The final essay “An Open Letter to My Future Adult Children” circles back to a theme of an earlier essay, in which Lopesi struggles to overcome the patriarchy by winning at the patriarchy with overwork and achievement defined by others. In doing this she says, she was in some ways denying herself the role of a mother. By ending the collection with a resonant letter to her children, she firmly reconciles her position.

There will be readers who stumble over words like intersectionality and who are unable to cling on during the excursions into dense academic phrasing.
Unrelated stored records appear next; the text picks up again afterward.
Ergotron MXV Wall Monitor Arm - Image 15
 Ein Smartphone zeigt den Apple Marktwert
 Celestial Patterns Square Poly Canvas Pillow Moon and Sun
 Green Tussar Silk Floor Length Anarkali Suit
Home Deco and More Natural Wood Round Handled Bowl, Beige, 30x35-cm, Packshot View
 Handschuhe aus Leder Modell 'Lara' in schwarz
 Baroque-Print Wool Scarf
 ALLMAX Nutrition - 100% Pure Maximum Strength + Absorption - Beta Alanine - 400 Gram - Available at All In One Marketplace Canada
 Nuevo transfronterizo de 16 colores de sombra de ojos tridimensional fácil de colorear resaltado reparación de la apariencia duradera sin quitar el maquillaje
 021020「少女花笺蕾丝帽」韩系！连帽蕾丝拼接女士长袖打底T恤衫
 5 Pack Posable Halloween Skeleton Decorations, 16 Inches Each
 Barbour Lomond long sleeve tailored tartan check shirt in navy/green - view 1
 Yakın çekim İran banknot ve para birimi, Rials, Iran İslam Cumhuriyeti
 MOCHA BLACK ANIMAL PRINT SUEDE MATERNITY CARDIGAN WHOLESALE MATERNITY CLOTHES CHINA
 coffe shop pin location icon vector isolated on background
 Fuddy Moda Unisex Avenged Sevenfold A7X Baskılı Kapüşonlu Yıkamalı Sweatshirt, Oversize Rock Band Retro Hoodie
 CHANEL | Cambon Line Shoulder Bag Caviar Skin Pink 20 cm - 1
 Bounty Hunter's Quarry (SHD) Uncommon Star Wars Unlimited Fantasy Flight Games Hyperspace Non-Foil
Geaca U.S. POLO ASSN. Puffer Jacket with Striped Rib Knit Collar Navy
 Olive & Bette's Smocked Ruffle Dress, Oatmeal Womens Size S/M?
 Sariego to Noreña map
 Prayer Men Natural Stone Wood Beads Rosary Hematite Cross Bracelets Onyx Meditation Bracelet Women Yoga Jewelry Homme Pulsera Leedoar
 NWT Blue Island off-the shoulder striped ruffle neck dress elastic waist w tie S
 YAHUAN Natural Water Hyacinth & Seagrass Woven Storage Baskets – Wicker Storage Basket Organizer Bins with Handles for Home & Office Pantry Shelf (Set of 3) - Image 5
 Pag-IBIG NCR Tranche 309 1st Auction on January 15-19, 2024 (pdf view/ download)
But this is beside the point; it’s a deeply authentic work, and wouldn’t be so without Lopesi using this platform for the questions and philosophy that has captured her intellectual curiosity for years. “The personal is structural” she states firmly in the penultimate essay “Becoming a Bloody Woman.” Lopesi also has a practicality that is refreshing in the modern cacophony of noise around identity and activism. On the well-traversed problems with feminism as a word she says “Not liking a word, or having trouble finding the right non-problematic word, doesn’t feel like enough reason to not do the work.”

It was hard not to write myself into this review. To be an Indigenous essayist from the same generation, reading each other is still a fizzing, rare, real pleasure. If Lana was my friend I would have messaged her constantly while reading her book, yasss queening her, sending snapshots of the passages I’d underlined, quoting her back to herself endlessly “mf this is genius.”

But that interpretation of this collection of essays would have been limiting, because, as a meticulously researched and persuasively argued piece of work it opens a door for anyone, from any background, with a curious mind. This work has a natural home with Bridget Williams Books, a publisher known for introducing readers to thoughtful explorations of contemporary social issues. The best writing is essential cultural infrastructure and we’re fortunate to live in the age of the essay. We have an abundance of pillars to build ourselves out of a past and present that has glorified some at the expense of others, among which Lana Lopesi stands firm. In her own words, “Power structures are sustained and maintained by ongoing cooperation, only complicated by action. And I don’t want to cooperate any more.”

Bloody Woman by Lana Lopesi (Bridget Williams Books, $39.99) is available in bookstores nationwide.